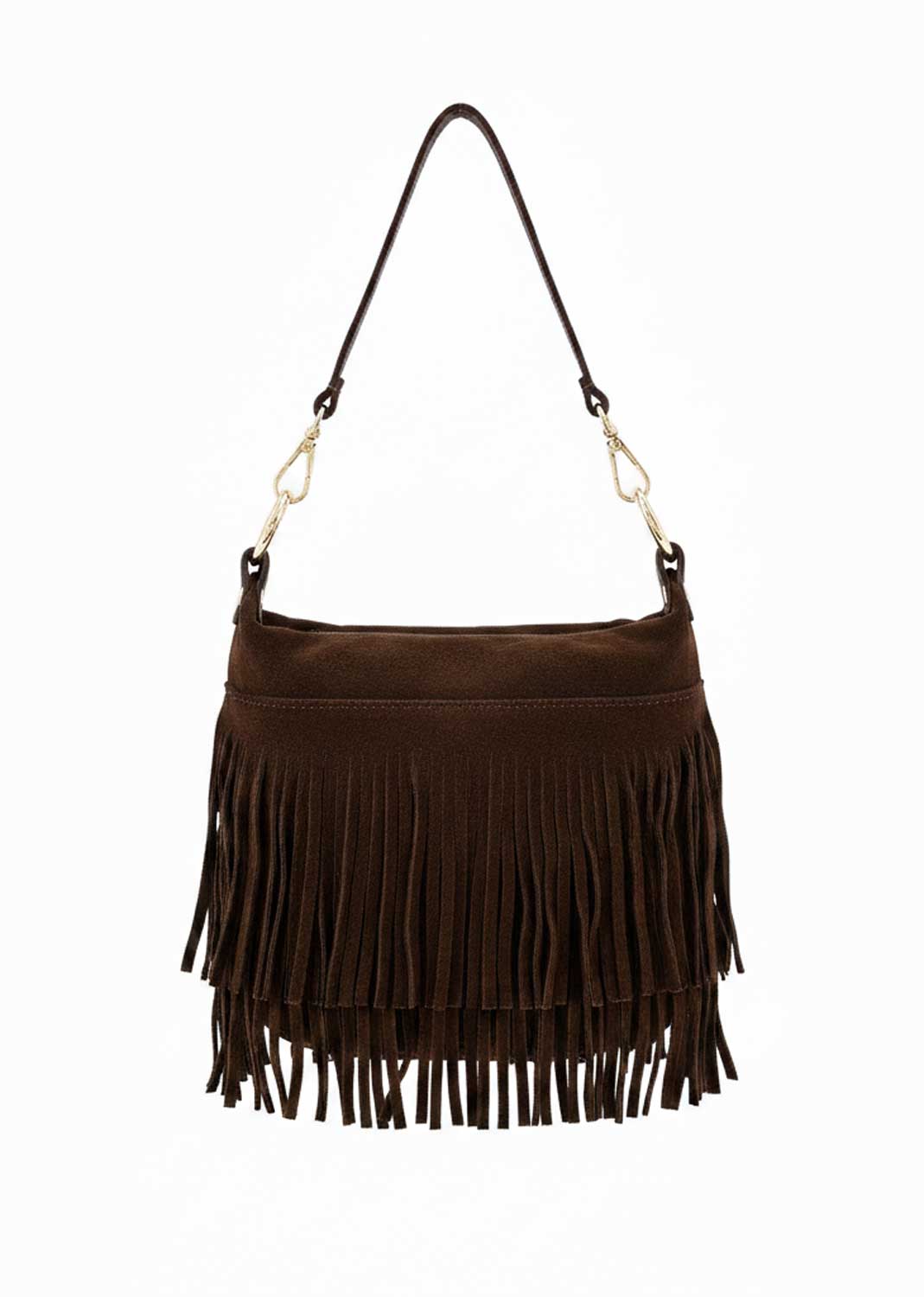 Lainey Suede Fringe Bucket Bag Brown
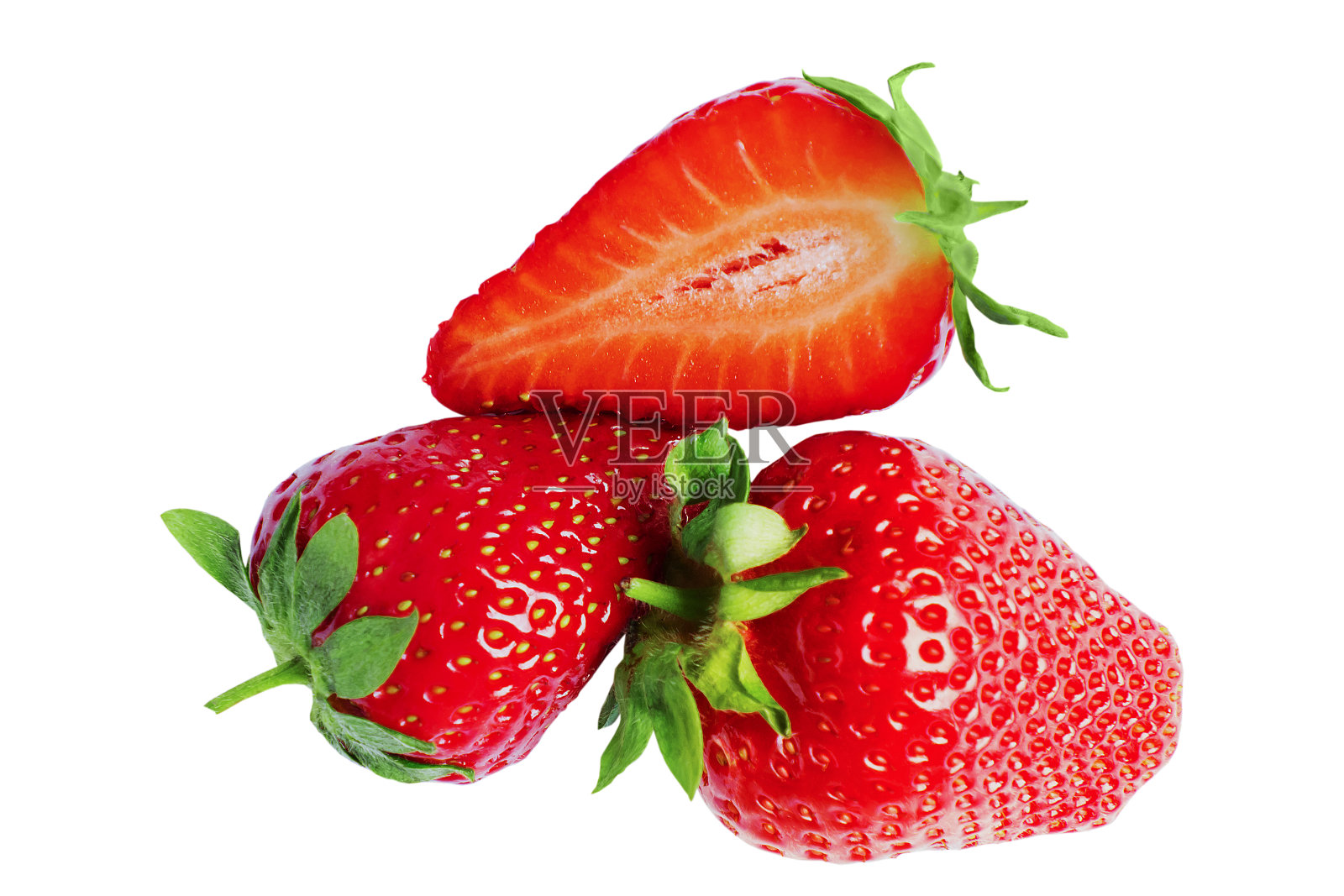 白色背景上的甜草莓照片摄影图片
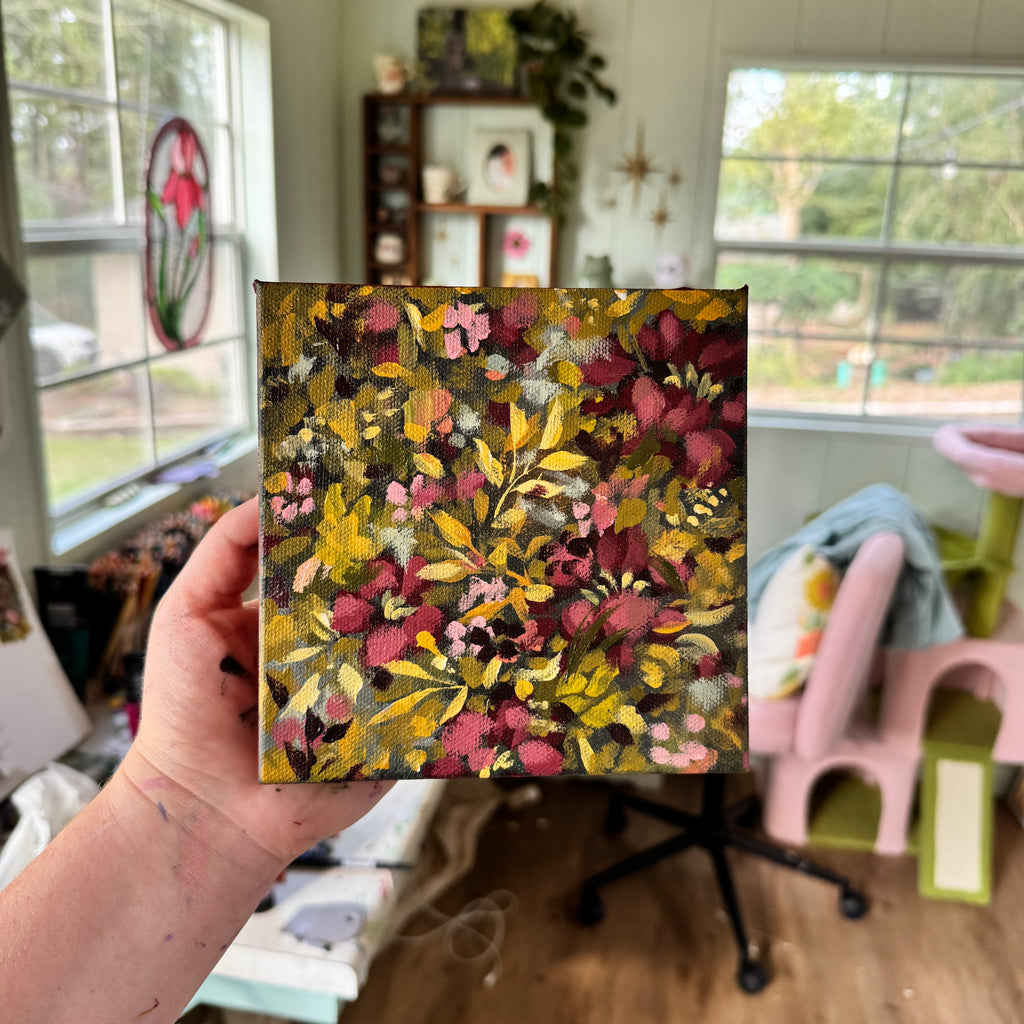 Maroon Florals Original Painted Canvas #1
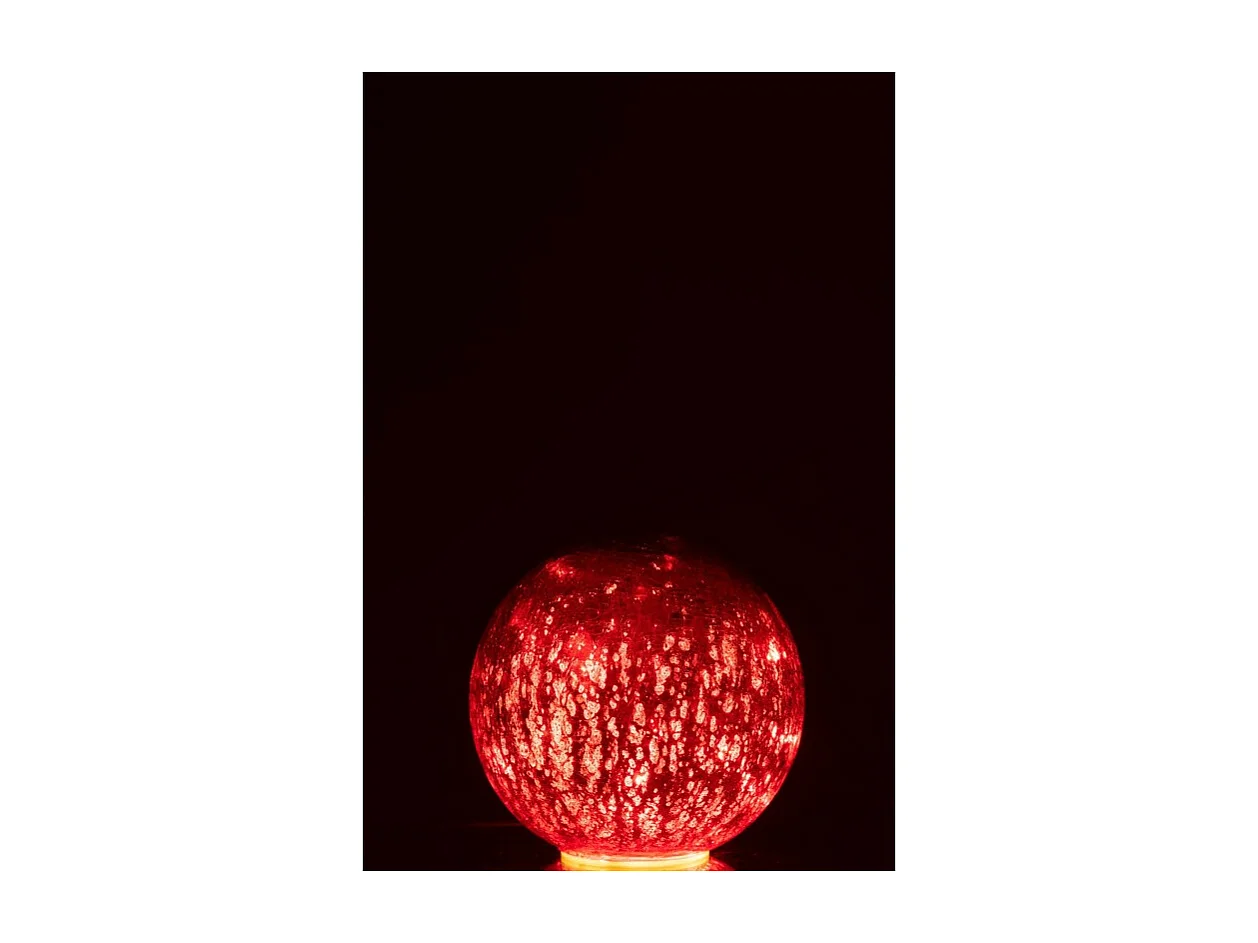 Bola de vidrio LED roja de 15x15x14 cm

*Task brief*: Repeat the listing above in full, exactly, and omit its pictures.

*Completed exercise*:
 Lainey Suede Fringe Bucket Bag Brown
 白色背景上的甜草莓照片摄影图片
 Maroon Florals Original Painted Canvas #1
 Bola de vidrio LED roja de 15x15x14 cm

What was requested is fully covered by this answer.